Today is the last day of school holidays for our two daughters. Another summer has passed, as they grow and mature so quickly before our eyes. My wife Ciara, who teaches in their school spent the day preparing for Monday when another school year begins once more.
I spent most of the day with Laura, 9 and Kate, 7. We went to the playground, did a little grocery shopping and went bowling. It was nice to just go at their pace and enjoy the day.
Whilst bowling a thought reappeared on my horizon that I had been contemplating on and off throughout the summer. They like to ride their bikes and as cycling is my ‘thing’ an interest had been expressed about taking up the sport in the next few years. I would love to see them take up cycling, but as a parent I wonder how best to encourage this.

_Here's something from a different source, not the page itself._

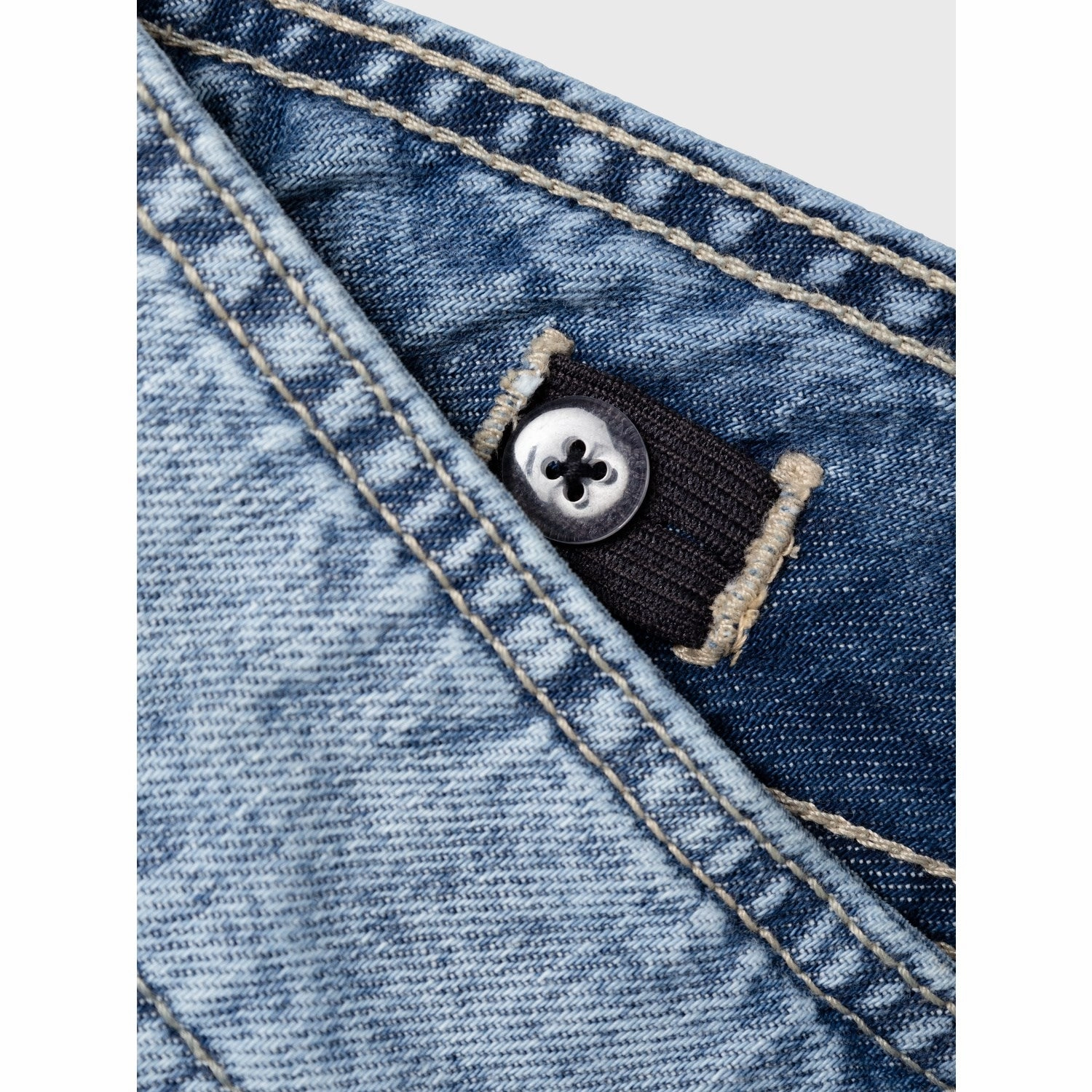 Name It Light Blue Denim Bella Wide Denim Skort plain shorts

On her second shot Laura almost got a strike, and I congratulated her on it, and we ‘high fived’. Next time up she managed to knock just one pin. She turned towards me with a look of disappointment on her face. The glowing smile of pride when I congratulated her on almost getting a strike was now replaced with a scowl of disappointment. I felt responsible. I had set her up for a fall.

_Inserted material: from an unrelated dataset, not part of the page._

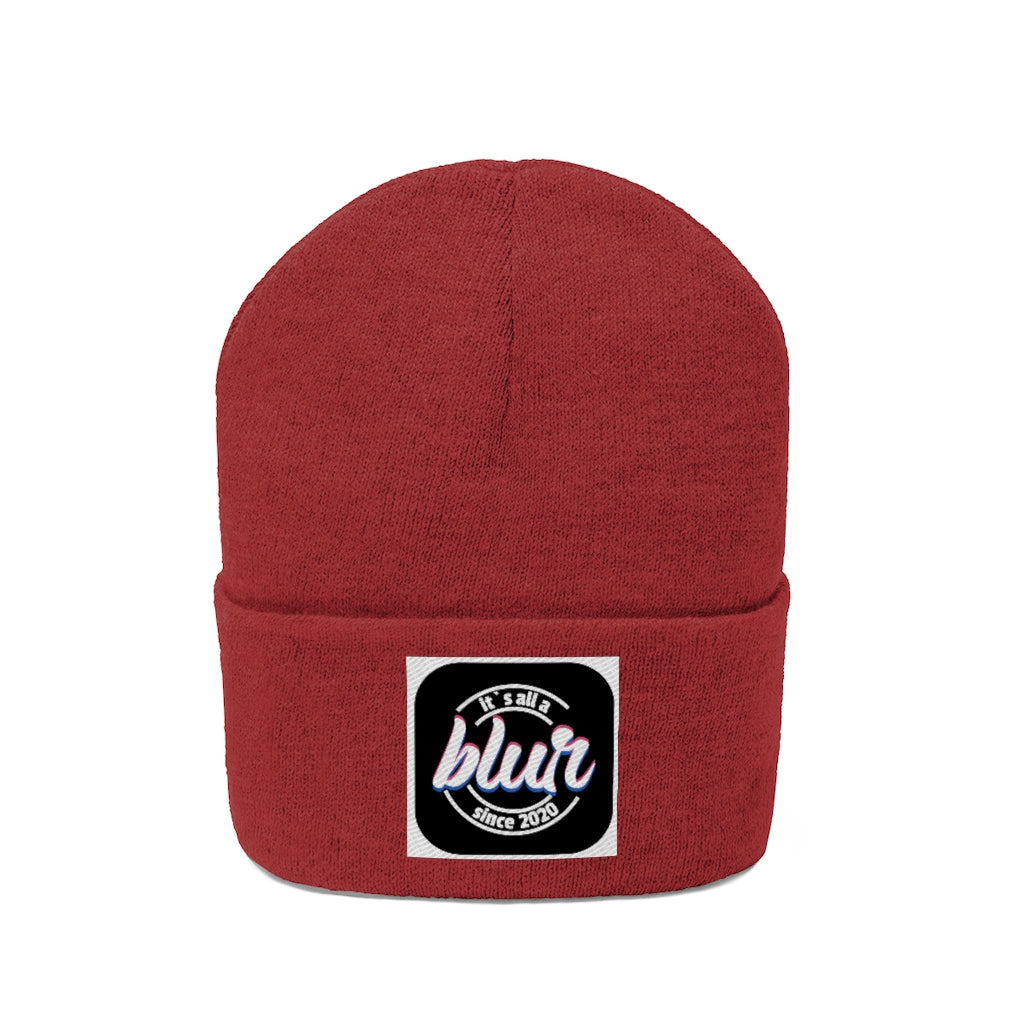 ITS ALL A BLUR Knit Beanie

When we congratulate our kids on winning, making them feel good about themselves, making them want to win more and more, what happens when they loose? Automatically, by making them feel like a winner when they win, they now feel like a loser when they loose.
In a bike race there can be only one winner. In a field of 20, 30 or 40 that means that if winning is all that counts there will be 19, 29 or 39 losers. This is when a parents attitude is crucial. In a team sport one team wins and the other loses. The players have a 50/50 chance of winning every time they take to the field. Individual sports are a different matter completely so the mental attitude of each competitor is crucial to their enjoyment and continuation in the sport.
People often say ‘It’s not the winning or losing that counts, it’s the taking part’. Whilst there is truth in this statement, just ‘taking part’ may not be enough of a reward or inspiration for a person to keep on turning up to races week in week out.
The key may be to recognise and praise effort. Watch out for each and very improvement and congratulate them on that. Place less importance on results or positions and more on really giving 100% effort and actually doing their very best and enjoying it. The wins may follow but the losses will not undermine confidence.
In life you succeed only by failing more times than the next person. Each and every failure teaches a lesson and when combined with perseverance and a knowledge that you have given your very best this leads to success.
Thomas Edison failed to create an electric light bulb 10,000 times but the 10,001st time it worked. He ran out of ways to fail and eventually succeeded. Sport is a lot like that too.
Michael Jordan once said that he didn’t try to beat anybody else but always tried to be the very best that he could be, and always, always gave 100% effort.
Sportsmen and women, athletes and most especially children should never compare themselves to anybody else. They should only compare themselves to themselves. If they improve each and every time they compete and give 100% effort, they will endure and stick with it much longer than someone who constantly compares themselves to others. Always trying your very best and giving 100%, inspires more self belief and confidence than any result could ever accomplish.
Even on a really bad day if you have given all that you can give on that day, you can walk away with your head held high. Very often a person finishing further up the leaderboard will go home beating themselves up knowing that they had more to give but were not fully committed and achieved a lesser result than they were capable of.
Success in sport is always being as well prepared as possible beforehand and then giving 100% effort on the day. This will often produce incredible results but they will not be what really matters deep down. The knowledge that you have tried as hard as you possibly could and given all that you had is what leaves a true sense of satisfaction within.
For the rest of the time at the bowling alley I praised each effort, noted every improvement and encouraged every committed attempt to do their best. We had a great time with plenty of smiles and no more frowns.
From now on I will focus on every effort my kids make to give 100% and place less emphasis on the scoreboard or result sheet. Enjoyment and loving what you do whilst giving your very best is really what matters. If this brings results, great, if it brings smiles of satisfaction, even better.